**About this task**
Give the data again exactly as it appears, excluding any pictures.

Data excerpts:

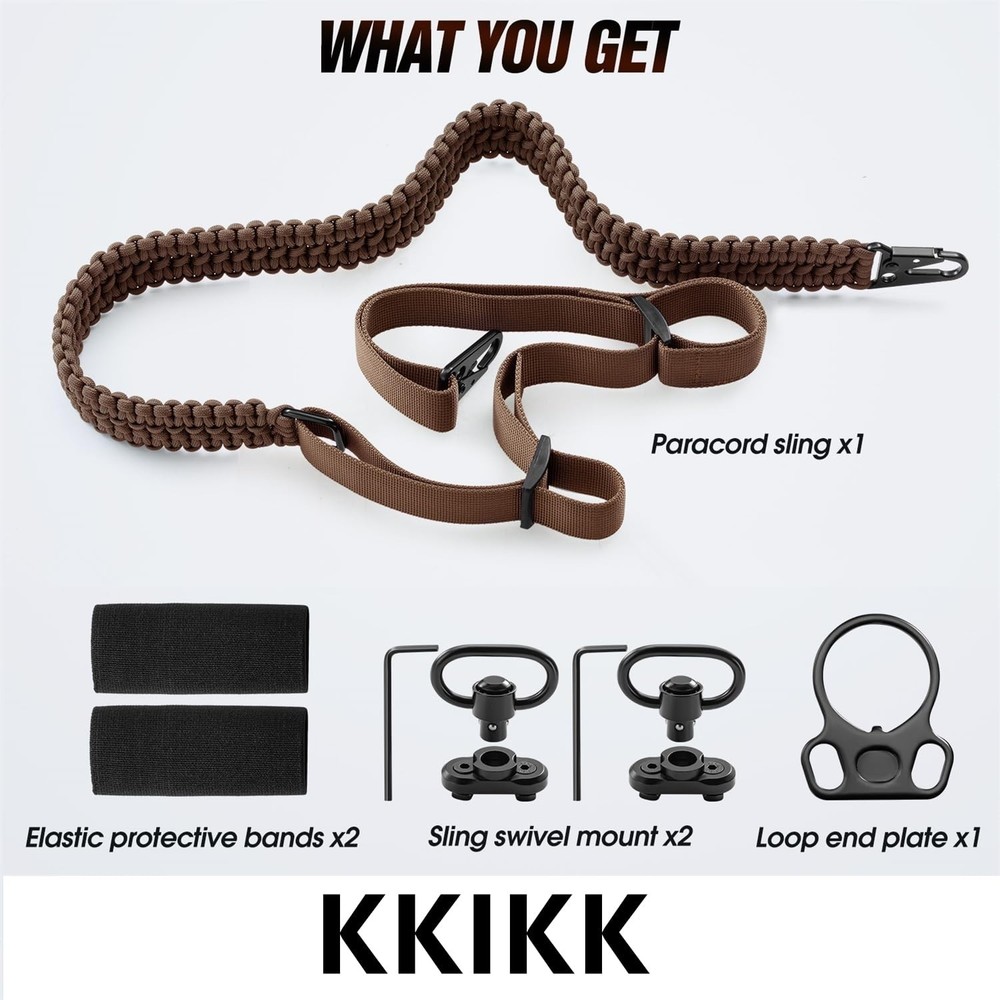 2 Point QD Sling, Two-Point Paracord Sling with Quick-Adjust Length Strap for...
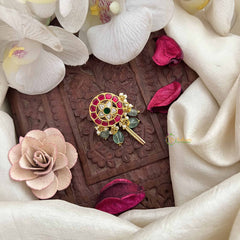 Vriksham Traditional Round Floral Kundan Kundan Jadau Jada Billai-Red Green & White-Aqua Green Bead-J3829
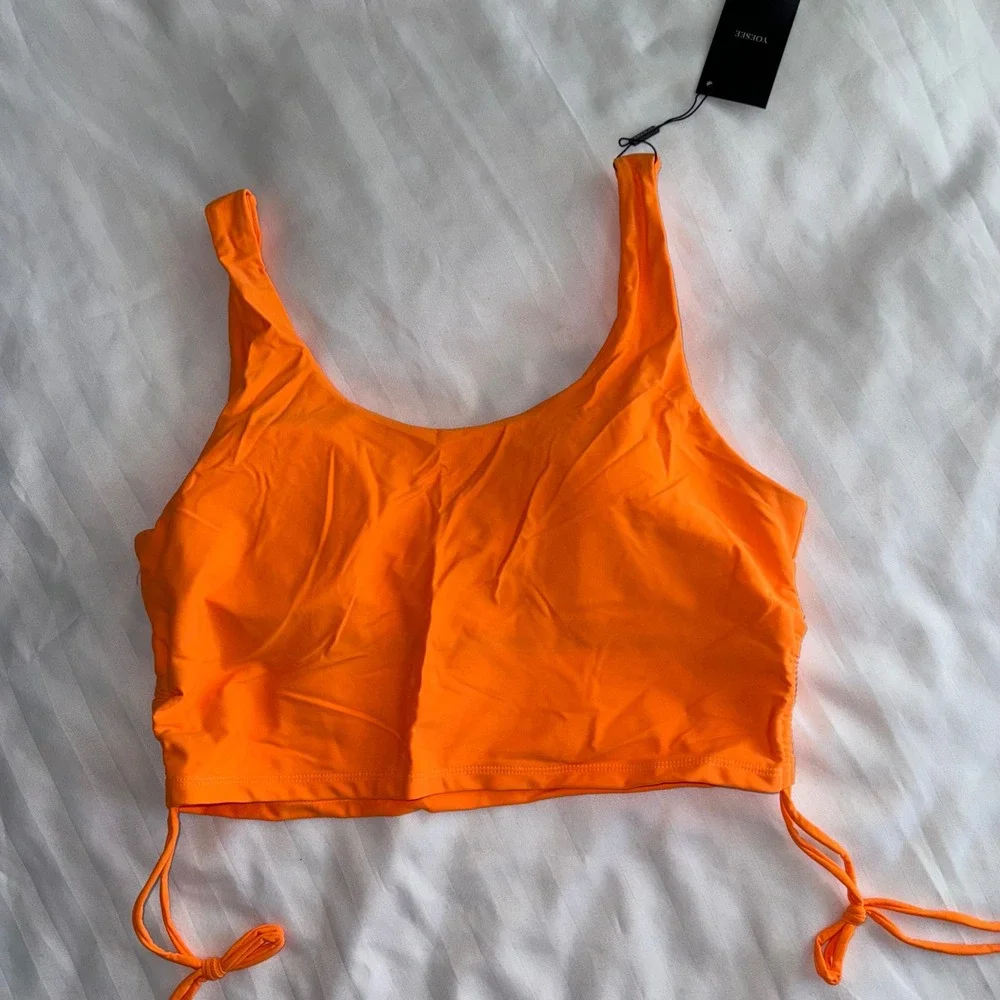Yoesee Bright Orange Bikini‎ Top with Drawstring Sides Sleeveless Activewear XXL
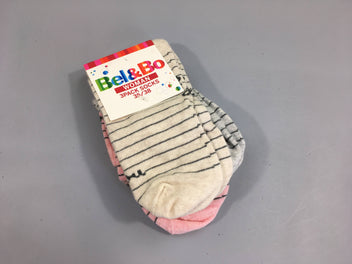 NEUF Chaussettes rayé beige/rose/gris, 35-38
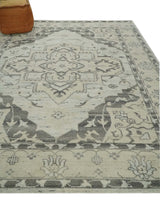 Hand Knotted Earthy Neutral Serapi Wool Rug, Charcoal, Beige and Ivory-Area Rug-Parc Decor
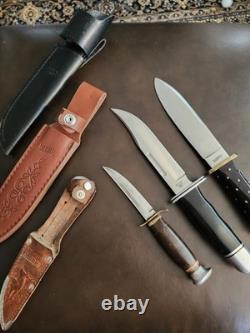 Vintage/classic Hunting Knives Marbles, Buck, Edge Mark Lot Of 3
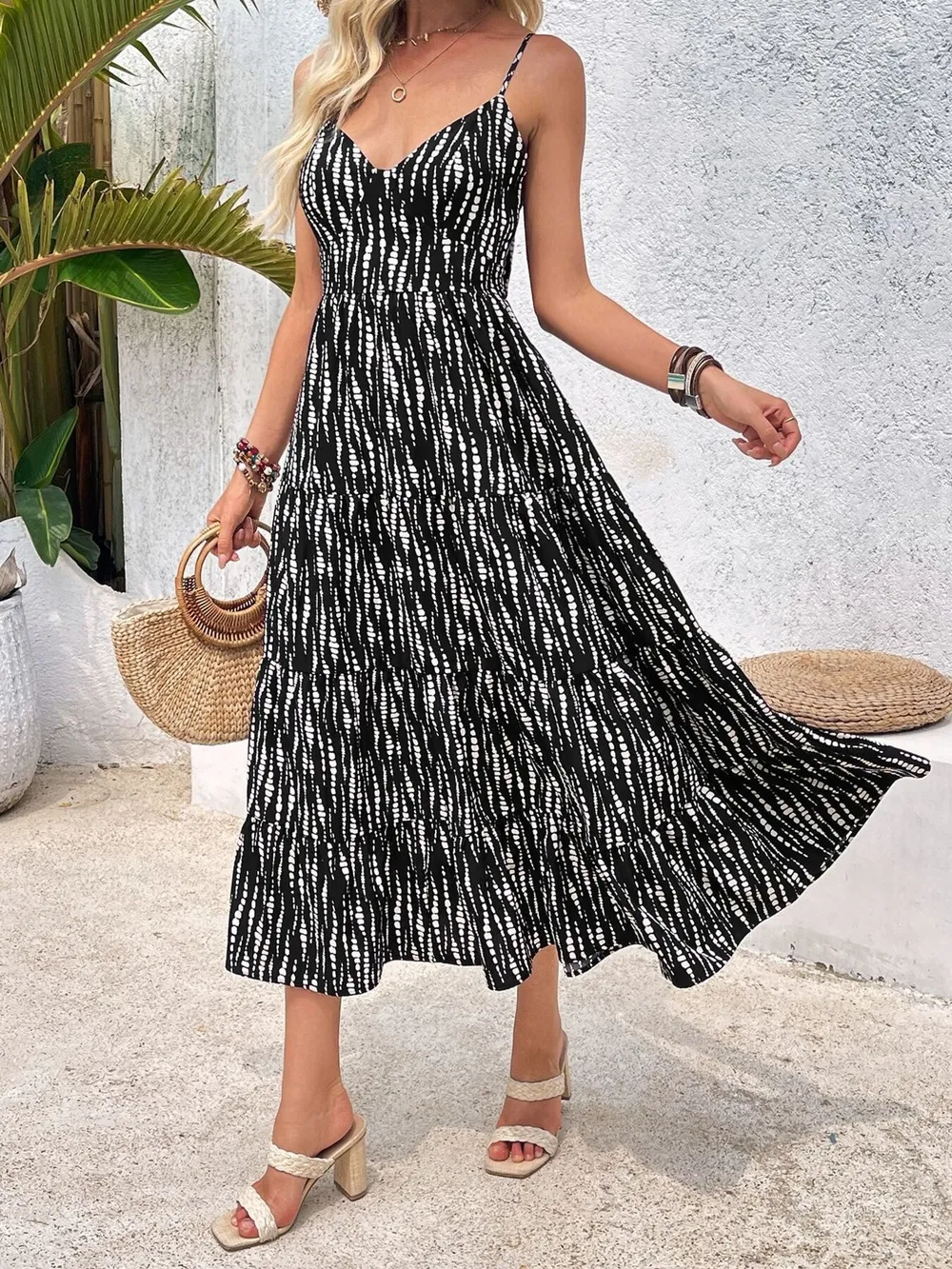 Tie Back Tiered Midi Cami Dress, image 3
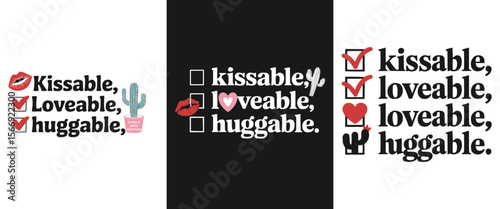 Kissable, Loveable, Huggable Typography Design with Icons – Romantic, Playful Checklist Graphic for Valentine’s, Apparel, Cards, and Social Media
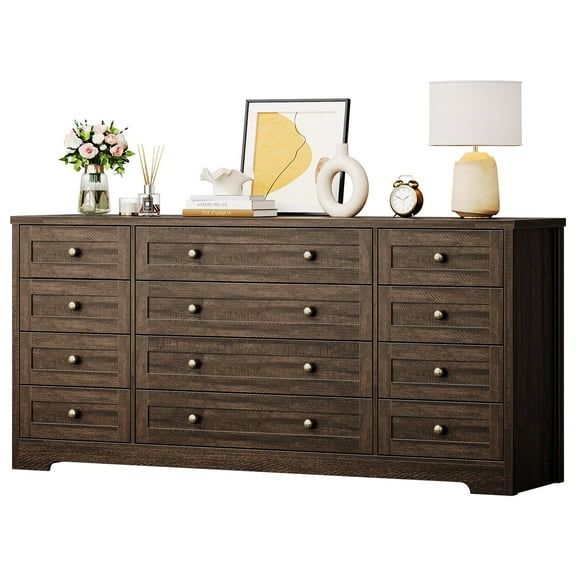 Modern 12-Drawer Sturdy Wood Dresser for Bedroom – 63" Wide Chest of Drawers & TV Stand – Deep Storage Cabinet – Ideal for Living Room, Hallway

**Task answer**
 2 Point QD Sling, Two-Point Paracord Sling with Quick-Adjust Length Strap for...
 Vriksham Traditional Round Floral Kundan Kundan Jadau Jada Billai-Red Green & White-Aqua Green Bead-J3829
Yoesee Bright Orange Bikini‎ Top with Drawstring Sides Sleeveless Activewear XXL
 NEUF Chaussettes rayé beige/rose/gris, 35-38
 Hand Knotted Earthy Neutral Serapi Wool Rug, Charcoal, Beige and Ivory-Area Rug-Parc Decor
 Vintage/classic Hunting Knives Marbles, Buck, Edge Mark Lot Of 3
 Tie Back Tiered Midi Cami Dress, image 3
 Kissable, Loveable, Huggable Typography Design with Icons – Romantic, Playful Checklist Graphic for Valentine’s, Apparel, Cards, and Social Media
 Modern 12-Drawer Sturdy Wood Dresser for Bedroom – 63" Wide Chest of Drawers & TV Stand – Deep Storage Cabinet – Ideal for Living Room, Hallway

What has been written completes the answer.